Di tubuh Polri, Divisi Propam (Pertanggungjawaban Profesi dan Pengamanan Internal) yang dikomandani seorang Irjen harus menjadi ujung tombak pembersihan aktivitas mafia hukum di tubuh kepolisian. Propam harus mampu membuktikan bahwa mekanisme investigasi internal justru tidak menjadi mekanisme perlindungan atau cuci badan bagi para oknum atas nama kesetiakawanan korps. Ini berarti, mekanisme penindakan internal yang dijalankan Divisi Propam tidak boleh pandang bulu. Seberapa pun tinggi pangkat sang oknum, bila ada indikasi kuat terlibat praktik mafia hukum, mekanisme investigasi internal harus dilakukan dan dibuka seluas-luasnya.
Pengadilan
Kedua, yang sering luput dari perhatian, rekomendasi Komisi Wood tidak berhenti pada sensasi opini publik. Ini penting karena kebenaran tidak ditemukan melalui mekanisme penggiringan opini. Pengadilanlah satu-satunya lembaga tempat menyelesaikan seluruh persoalan pidana dan pembukaan kebenaran.

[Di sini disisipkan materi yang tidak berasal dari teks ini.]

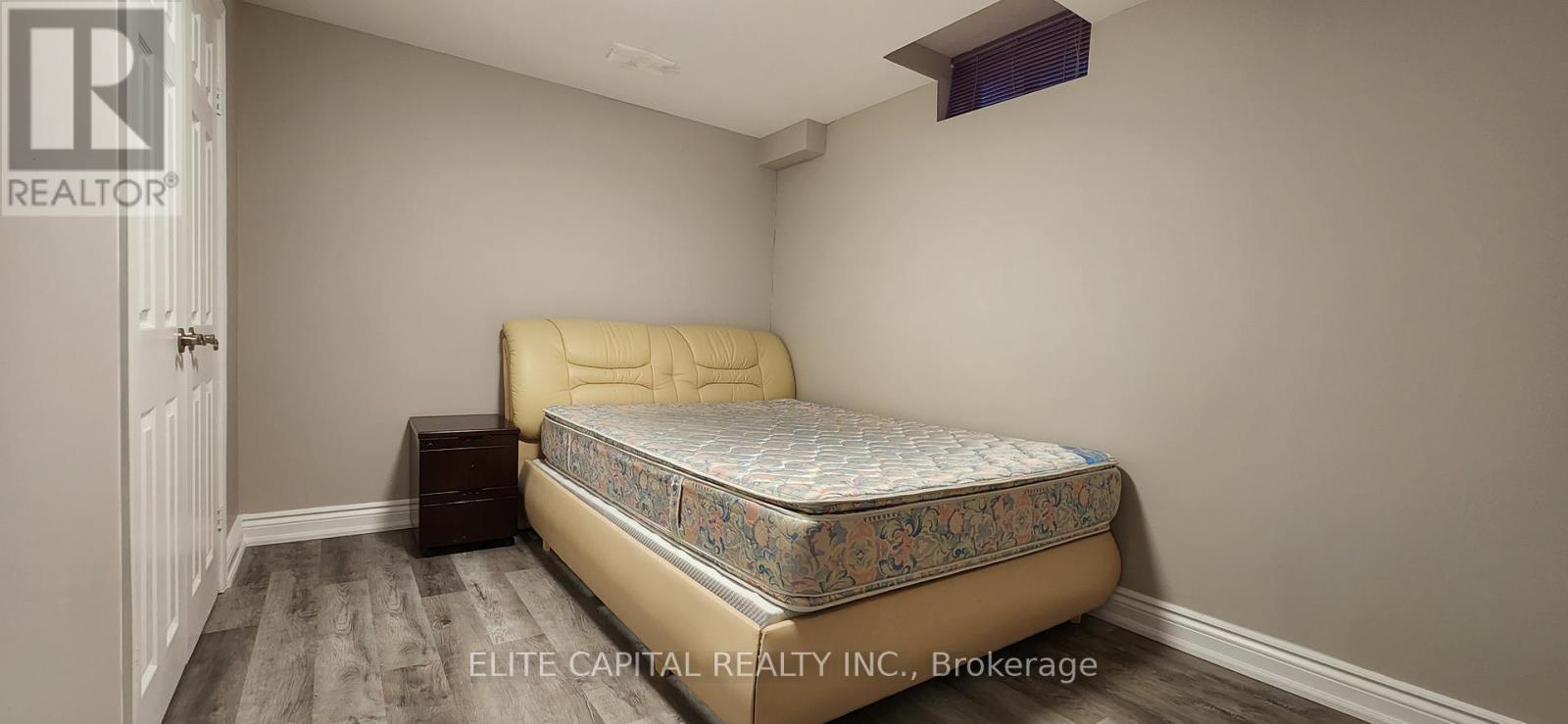 231 Valleymede Drive, Richmond Hill, Ontario  L4B 2A6 - Photo 4 - N12461969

Seluruh oknum yang diduga terlibat harus diajukan ke pengadilan. Ini berarti demi keadilan, tidak boleh ada proses yang dihentikan karena tekanan publik dan politik. Siapa pun oknum yang diduga melakukan tindak pidana harus diproses sesuai hukum. Dalam konteks kekinian, tidak peduli apakah berasal KPK, kepolisian, maupun kejaksaan, tiap oknum petugas hukum yang diduga terlibat dalam pelanggaran hukum harus diproses dalam pengadilan.
Ini menjadi penting agar masyarakat tidak berpaling pada solusi extra judicial yang justru akan mengacaukan mekanisme penegakan hukum. Kedua langkah itu mutlak diperlukan agar hiruk pikuk akhir-akhir ini memiliki penyelesaian yang jelas.